Existenz ist infrage gestellt

Ist die PFAS-Belastung zu hoch, heisst das laut Rebentrost nicht automatisch, dass es keinen Kredit gibt. Zusammen mit dem Betrieb werde untersucht, was die Ursachen sind und wie die Belastung reduziert werden könnte. Auch der Ausserrhoder Bauernverbandspräsident Beat Brunner äussert sich. Es sei nicht so einfach, die Belastung durch PFAS zu senken: «In der Praxis ist das, je nach Betroffenheit, fast unmöglich und braucht vor allem sehr viel Zeit», sagt er zu SRF.

Einen neuen Stall zu bauen oder einen Bauernhof zu übernehmen, sei ein Entscheid für kommende Jahrzehnte, sagt Brunner im «Regionaljournal Ostschweiz» weiter. Stand heute sei aber offen, ob ein betroffener Betrieb überhaupt weiter wirtschaften könne. Was fehle, sei die Planungssicherheit. «Die ganze Existenz ist damit infrage gestellt», gibt Brunner zu bedenken.
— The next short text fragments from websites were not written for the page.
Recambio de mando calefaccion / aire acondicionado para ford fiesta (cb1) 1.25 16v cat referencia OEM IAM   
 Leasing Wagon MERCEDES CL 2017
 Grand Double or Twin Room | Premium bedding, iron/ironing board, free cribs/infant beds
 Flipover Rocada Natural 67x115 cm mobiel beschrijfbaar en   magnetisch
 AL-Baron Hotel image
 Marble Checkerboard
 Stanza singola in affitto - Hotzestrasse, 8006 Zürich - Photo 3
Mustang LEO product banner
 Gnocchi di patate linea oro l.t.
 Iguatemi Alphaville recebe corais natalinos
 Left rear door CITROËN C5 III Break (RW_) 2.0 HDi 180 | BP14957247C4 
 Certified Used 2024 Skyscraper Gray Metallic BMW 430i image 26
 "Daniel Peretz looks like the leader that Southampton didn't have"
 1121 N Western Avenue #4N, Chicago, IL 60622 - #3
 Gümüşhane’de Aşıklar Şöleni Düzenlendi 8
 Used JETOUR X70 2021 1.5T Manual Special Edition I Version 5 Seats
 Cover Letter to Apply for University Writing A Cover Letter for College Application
Nur wenige Betriebe betroffen

Laut den Recherchen der «Bauern Zeitung» und von SRF gibt es auch Kantone, die derzeit (noch) auf einen PFAS-Nachweis bei Krediten verzichten. Der Kanton Bern schreibt auf Anfrage von SRF, dass weder die Bernische Stiftung für Agrarkredite noch die zuständige Abteilung beim Amt für Landwirtschaft und Natur Nachweise verlangen würden.

«Wir haben aktuell noch keine konkreten Massnahmen oder Prozessanpassungen bezüglich der Vorgaben für IK-Gesuche beschlossen», sagt Wilfried Kägi, Geschäftsführer der Zürcher landwirtschaftlichen Kreditkasse gegenüber der «Bauern Zeitung», und weiter: «Wir haben das Thema aber auf dem Radar.» Anlass zur Nachfrage gaben die Ende März 2026 veröffentlichten Resultate der PFAS-Beprobung von Milch im Kanton Zürich. Dabei hatte sich gezeigt, dass bei 11 Prozent der Betriebe PFAS-Rückstände nachweisbar waren.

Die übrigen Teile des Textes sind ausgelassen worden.